[Dataset records]
::::
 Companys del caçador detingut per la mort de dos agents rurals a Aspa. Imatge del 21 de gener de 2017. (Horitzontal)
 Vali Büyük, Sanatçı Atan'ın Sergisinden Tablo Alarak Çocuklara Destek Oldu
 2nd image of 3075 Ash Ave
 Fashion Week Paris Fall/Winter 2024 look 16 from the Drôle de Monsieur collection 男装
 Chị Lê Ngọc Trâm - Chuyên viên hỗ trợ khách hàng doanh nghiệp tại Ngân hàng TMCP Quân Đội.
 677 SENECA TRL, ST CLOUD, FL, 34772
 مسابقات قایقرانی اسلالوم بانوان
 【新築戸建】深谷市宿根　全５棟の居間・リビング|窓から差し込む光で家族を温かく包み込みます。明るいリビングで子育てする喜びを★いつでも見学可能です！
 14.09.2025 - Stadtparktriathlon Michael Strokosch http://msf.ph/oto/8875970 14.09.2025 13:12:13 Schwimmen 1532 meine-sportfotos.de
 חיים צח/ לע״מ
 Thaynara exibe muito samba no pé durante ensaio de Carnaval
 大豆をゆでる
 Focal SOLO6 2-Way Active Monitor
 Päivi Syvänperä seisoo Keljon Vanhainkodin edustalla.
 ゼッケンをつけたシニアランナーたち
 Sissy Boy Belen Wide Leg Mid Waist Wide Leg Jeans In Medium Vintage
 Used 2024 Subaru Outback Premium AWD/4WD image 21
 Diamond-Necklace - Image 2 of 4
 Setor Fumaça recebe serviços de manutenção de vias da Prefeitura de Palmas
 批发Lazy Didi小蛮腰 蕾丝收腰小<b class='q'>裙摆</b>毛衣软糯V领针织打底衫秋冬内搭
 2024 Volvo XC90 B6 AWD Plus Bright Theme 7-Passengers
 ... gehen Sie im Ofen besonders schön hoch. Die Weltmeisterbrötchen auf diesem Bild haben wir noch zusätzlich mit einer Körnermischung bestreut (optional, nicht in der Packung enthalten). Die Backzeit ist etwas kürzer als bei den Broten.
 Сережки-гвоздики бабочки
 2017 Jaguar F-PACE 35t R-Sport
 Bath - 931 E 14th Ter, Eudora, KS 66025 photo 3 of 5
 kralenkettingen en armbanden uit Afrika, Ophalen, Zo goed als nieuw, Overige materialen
::::
Task goal: Only one stretch of the data above is needed. Restate it word for word, from the line containing "2nd image of 3075 Ash Ave" through the line containing "Sissy Boy Belen", both ends included.

Problem solution:
 2nd image of 3075 Ash Ave
 Fashion Week Paris Fall/Winter 2024 look 16 from the Drôle de Monsieur collection 男装
 Chị Lê Ngọc Trâm - Chuyên viên hỗ trợ khách hàng doanh nghiệp tại Ngân hàng TMCP Quân Đội.
 677 SENECA TRL, ST CLOUD, FL, 34772
 مسابقات قایقرانی اسلالوم بانوان
 【新築戸建】深谷市宿根　全５棟の居間・リビング|窓から差し込む光で家族を温かく包み込みます。明るいリビングで子育てする喜びを★いつでも見学可能です！
 14.09.2025 - Stadtparktriathlon Michael Strokosch http://msf.ph/oto/8875970 14.09.2025 13:12:13 Schwimmen 1532 meine-sportfotos.de
 חיים צח/ לע״מ
 Thaynara exibe muito samba no pé durante ensaio de Carnaval
 大豆をゆでる
 Focal SOLO6 2-Way Active Monitor
 Päivi Syvänperä seisoo Keljon Vanhainkodin edustalla.
 ゼッケンをつけたシニアランナーたち
 Sissy Boy Belen Wide Leg Mid Waist Wide Leg Jeans In Medium Vintage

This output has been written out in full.